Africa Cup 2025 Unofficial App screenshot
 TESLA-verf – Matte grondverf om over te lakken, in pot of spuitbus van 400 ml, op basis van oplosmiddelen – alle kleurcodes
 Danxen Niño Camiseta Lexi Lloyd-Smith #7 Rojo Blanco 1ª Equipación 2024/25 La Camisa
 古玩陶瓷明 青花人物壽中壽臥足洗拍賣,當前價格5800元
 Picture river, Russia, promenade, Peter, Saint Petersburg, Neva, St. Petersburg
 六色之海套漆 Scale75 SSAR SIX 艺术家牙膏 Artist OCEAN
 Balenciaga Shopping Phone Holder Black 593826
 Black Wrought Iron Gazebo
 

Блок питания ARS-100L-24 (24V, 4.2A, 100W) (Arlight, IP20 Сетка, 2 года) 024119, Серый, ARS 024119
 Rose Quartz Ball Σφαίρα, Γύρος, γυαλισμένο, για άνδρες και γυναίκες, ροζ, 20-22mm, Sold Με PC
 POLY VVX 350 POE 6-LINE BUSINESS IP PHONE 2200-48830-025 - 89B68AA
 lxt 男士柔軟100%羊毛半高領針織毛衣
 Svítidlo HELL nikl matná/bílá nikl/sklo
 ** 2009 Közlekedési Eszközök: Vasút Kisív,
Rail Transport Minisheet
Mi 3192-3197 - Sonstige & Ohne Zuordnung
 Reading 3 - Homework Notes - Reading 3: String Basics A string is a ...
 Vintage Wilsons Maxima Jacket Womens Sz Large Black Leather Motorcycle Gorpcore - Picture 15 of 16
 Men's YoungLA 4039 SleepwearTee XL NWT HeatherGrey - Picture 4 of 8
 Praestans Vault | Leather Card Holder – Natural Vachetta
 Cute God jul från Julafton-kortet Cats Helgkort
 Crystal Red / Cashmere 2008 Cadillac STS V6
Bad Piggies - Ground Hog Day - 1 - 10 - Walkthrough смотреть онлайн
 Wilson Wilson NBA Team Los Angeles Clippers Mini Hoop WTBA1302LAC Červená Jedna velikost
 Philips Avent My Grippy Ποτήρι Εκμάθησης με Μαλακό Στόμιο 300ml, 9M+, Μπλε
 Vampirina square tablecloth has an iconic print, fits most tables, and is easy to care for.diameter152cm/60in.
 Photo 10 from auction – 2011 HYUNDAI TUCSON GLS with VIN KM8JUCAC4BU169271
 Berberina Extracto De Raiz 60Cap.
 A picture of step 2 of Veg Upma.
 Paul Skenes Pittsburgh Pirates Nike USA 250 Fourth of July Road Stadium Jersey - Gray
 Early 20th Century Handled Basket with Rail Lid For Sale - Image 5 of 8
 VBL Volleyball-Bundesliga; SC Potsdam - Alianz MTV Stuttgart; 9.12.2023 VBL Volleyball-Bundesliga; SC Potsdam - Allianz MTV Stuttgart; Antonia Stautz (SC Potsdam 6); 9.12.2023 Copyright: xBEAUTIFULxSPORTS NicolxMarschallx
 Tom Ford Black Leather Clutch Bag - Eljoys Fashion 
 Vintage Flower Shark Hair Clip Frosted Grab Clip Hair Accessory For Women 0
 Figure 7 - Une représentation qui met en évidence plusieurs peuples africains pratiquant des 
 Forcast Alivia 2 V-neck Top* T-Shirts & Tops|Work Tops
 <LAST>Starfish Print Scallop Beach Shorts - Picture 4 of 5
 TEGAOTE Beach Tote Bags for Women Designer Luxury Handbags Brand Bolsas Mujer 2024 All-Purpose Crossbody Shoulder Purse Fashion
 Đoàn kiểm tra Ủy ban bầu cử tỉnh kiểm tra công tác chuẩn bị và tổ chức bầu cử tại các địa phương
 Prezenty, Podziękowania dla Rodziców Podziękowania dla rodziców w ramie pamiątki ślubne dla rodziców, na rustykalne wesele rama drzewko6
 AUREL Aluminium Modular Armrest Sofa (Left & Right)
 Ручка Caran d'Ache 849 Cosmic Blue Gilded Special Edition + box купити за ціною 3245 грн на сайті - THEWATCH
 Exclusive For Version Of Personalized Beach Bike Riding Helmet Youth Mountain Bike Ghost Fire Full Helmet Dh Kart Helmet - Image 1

Task to complete — Out of the data above, transcribe exactly and only the lines starting with the line that has "Блок питания ARS-100L-24" and going on through the line that has "VBL Volleyball-Bundesliga; SC Potsdam - Alianz", both included.

Task solution —
Блок питания ARS-100L-24 (24V, 4.2A, 100W) (Arlight, IP20 Сетка, 2 года) 024119, Серый, ARS 024119
 Rose Quartz Ball Σφαίρα, Γύρος, γυαλισμένο, για άνδρες και γυναίκες, ροζ, 20-22mm, Sold Με PC
 POLY VVX 350 POE 6-LINE BUSINESS IP PHONE 2200-48830-025 - 89B68AA
 lxt 男士柔軟100%羊毛半高領針織毛衣
 Svítidlo HELL nikl matná/bílá nikl/sklo
 ** 2009 Közlekedési Eszközök: Vasút Kisív,
Rail Transport Minisheet
Mi 3192-3197 - Sonstige & Ohne Zuordnung
 Reading 3 - Homework Notes - Reading 3: String Basics A string is a ...
 Vintage Wilsons Maxima Jacket Womens Sz Large Black Leather Motorcycle Gorpcore - Picture 15 of 16
 Men's YoungLA 4039 SleepwearTee XL NWT HeatherGrey - Picture 4 of 8
 Praestans Vault | Leather Card Holder – Natural Vachetta
 Cute God jul från Julafton-kortet Cats Helgkort
 Crystal Red / Cashmere 2008 Cadillac STS V6
Bad Piggies - Ground Hog Day - 1 - 10 - Walkthrough смотреть онлайн
 Wilson Wilson NBA Team Los Angeles Clippers Mini Hoop WTBA1302LAC Červená Jedna velikost
 Philips Avent My Grippy Ποτήρι Εκμάθησης με Μαλακό Στόμιο 300ml, 9M+, Μπλε
 Vampirina square tablecloth has an iconic print, fits most tables, and is easy to care for.diameter152cm/60in.
 Photo 10 from auction – 2011 HYUNDAI TUCSON GLS with VIN KM8JUCAC4BU169271
 Berberina Extracto De Raiz 60Cap.
 A picture of step 2 of Veg Upma.
 Paul Skenes Pittsburgh Pirates Nike USA 250 Fourth of July Road Stadium Jersey - Gray
 Early 20th Century Handled Basket with Rail Lid For Sale - Image 5 of 8
 VBL Volleyball-Bundesliga; SC Potsdam - Alianz MTV Stuttgart; 9.12.2023 VBL Volleyball-Bundesliga; SC Potsdam - Allianz MTV Stuttgart; Antonia Stautz (SC Potsdam 6); 9.12.2023 Copyright: xBEAUTIFULxSPORTS NicolxMarschallx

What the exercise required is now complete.